A 9.ª Bienal do Mercosul, que será inaugurada em 13 de setembro de 2013, vai tratar da interação entre natureza e cultura e de como os artistas visuais abordam o desconhecido e o imprevisível. O resumo da proposta foi apresentado anteontem pela curadora geral, a mexicana Sofía Hernandez Chong Cuy. A investigação dos cerca de 90 artistas que serão selecionados vai passar pelo impacto da tecnologia sobre a percepção que o homem tem do mundo em que vive ao longo do tempo. "Isso nos propõe a pensar as formas de comunicação que tivemos, dos sinais de fumaça à internet", destacou.

Sofía adiantou algumas linhas básicas da próxima Bienal e citou os demais curadores. O lituano Raimundas Malasauskas, curador do Tempo, tem trabalhos voltados a experiências com artistas performáticos e deve elaborar projetos que tenham como base o tempo e a recuperação de aspectos históricos pouco explorados. Já a curadoria do Espaço ficará a cargo do brasileiro Bernardo de Souza.

A belga Sarah Demeuse, a mexicana Daniela Pérez e a brasileira Júlia Rebouças serão as curadoras da Nuvem, palavra que serve a diversas conotações no debate das artes visuais tanto por, no aspecto natural, servir de inspiração a artistas, retratar estados de espírito e representar mobilidade sem limites, quanto, no aspecto tecnológico, ter se tornado conceito de dados e memória compartilhados pela internet. A Nuvem da Bienal também terá um curador pedagógico, o inglês Dominic Wilson. "Eles vão nos ajudar a buscar o lugar da informação na exposição", disse Sofía.

Os locais da 9.ª Bienal do Mercosul ainda não estão totalmente definidos. É certo que as mostras principais ocuparão a Usina do Gasômetro, o Museu de Arte do Rio Grande do Sul e o Santander Cultural, todos no centro de Porto Alegre.
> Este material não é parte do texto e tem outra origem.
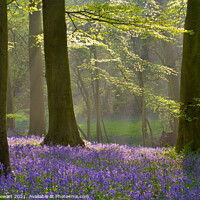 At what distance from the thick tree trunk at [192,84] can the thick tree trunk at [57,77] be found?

Outras exposições e obras específicas estarão em diversos espaços da capital gaúcha, a serem escolhidos.

Nascida em Mexicali, Sofía Hernandez Chong Cuy mora em Nova York e passa a maior parte do tempo conduzindo pesquisas em curadoria na América Latina. Ela foi diretora do Museu Tamayo, na Cidade do México, e, atualmente, é curadora de arte contemporânea da coleção Patrícia Phelps de Cisneros. Está também na equipe de pesquisa da Bienal de Veneza de 2013 e participa do conselho da Kunstverein, em Amsterdã.